Hal itu disampaikan Kadispenad Brigjen TNI Candra Wijaya dalam rilis tertulisnya, Jakarta, Rabu (28/8/2019).

Dikatakan Kadispenad, setelah mengunjungi Kodam IX/Udy, kali ini KASAD dan rombongan berkunjung ke Aceh dalam rangka meninjau kondisi dan capaian satuan serta memberikan pengarahan kepada personel Kodam Iskandar Muda, yang dilaksanakan Kamis (29/8/2019) besok.

"Bersama Ketua Umum Persit Kartika Candra Kirana, saat tiba di Bandara (Sultan Iskandar Muda), KASAD diterima Pangdam IM Mayjen TNI Teguh Arief Indratmoko, Pelaksana Tugas Gubernur Aceh (Nova Iriansyah), Wali Nanggroe Aceh Darusallam (Teungku Malek Mahmud Al-Haythar) dan Kapolda Aceh (Irjen Pol Rio S. Djambak) dengan upacara adat Aceh Peusijuek,” ujar Chandra.

Dalam upacara tersebut, menurut Candra, selayaknya tamu agung, KASAD dan Ketum Persit KCK disambut Ketua Majelis Adat Aceh dalam prosesi yang megah.

“Awal kedatangan, sebagai bentuk penyambutan terhadap tamu agung, KASAD dan Ibu Hetty disambut dengan tarian Peumulia Jamee Ranup Lampuan. Kemudian setelah itu, dilanjutkan dengan upacara adat Aceh Peusijuek,” terang Candra.

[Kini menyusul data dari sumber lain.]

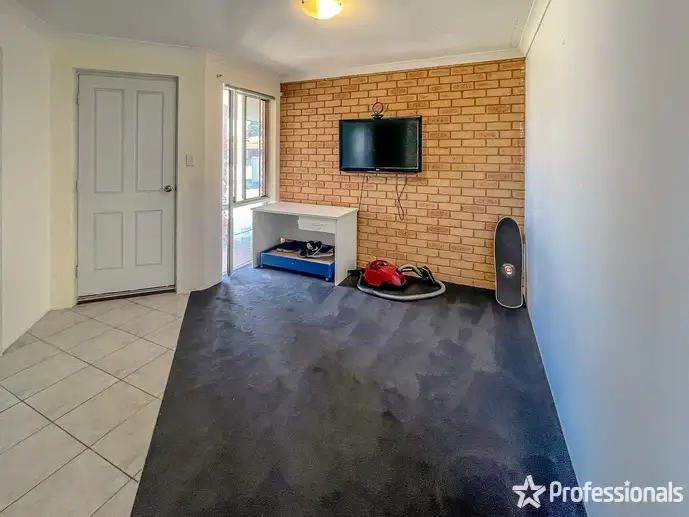 Sixth view of Homely house listing, 20 Half Moon Drive, Waggrakine WA 6530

Menurut Candra, upacara Peusijuek merupakan tradisi adat bagi masyarakat Aceh yang memiliki makna harapan mereka kepada Sang Tamu Agung akan memperoleh keberkahan dan keselamatan serta perlindungan dari Allah SWT.

“Dalam upacara (Peusijuek) yang memiliki arti membuat sesuatu menjadi sejuk atau dingin itu, terdapat lima prosesi Sipreuk Breuh Pade, Ie Seunenjuk, Bukukat, Temetuk dan pemasangan Pin Rencong dan Liontin Pintu Aceh yang menjadi ritual saat penyambutan tamu kehormatan masyarakat Aceh,” terang Candra.

Prosesi itu, lanjut Candra, diawali dengan menabur beras atau padi atau Sipreuk Breuh Pade yang melambangkan kemakmuran. Kemudian selanjutnya, memercikkan air penyejuk, Ie Seunejuk yang melambangkan kesejukan dan kedamaian, serta pemberian nasi ketan Bukukat yang melambangkan perekat jalinan silaturahmi.

“Sebelum pemasangan Pin Rencong dan Liontin Pintu Aceh yang merupakan proses terakhir, dilakukan pemberian amplop, Temetuk yang melambangkan kebahagiaan dan kesejahteraan,” tandasnya.

“Pin Rencong kepada KASAD, melambangkan laki-laki Aceh, kesatria perkasa, gagah dan pemberani, sedangkan pemberian Liontin Pintu Aceh oleh Hj. Rasyidah M Dallah kepada Ketua Umum Persit KCK yang menggambarkan wanita Aceh yang cantik dan selalu dekat di hati untuk semua orang,” pungkas Candra. [MR]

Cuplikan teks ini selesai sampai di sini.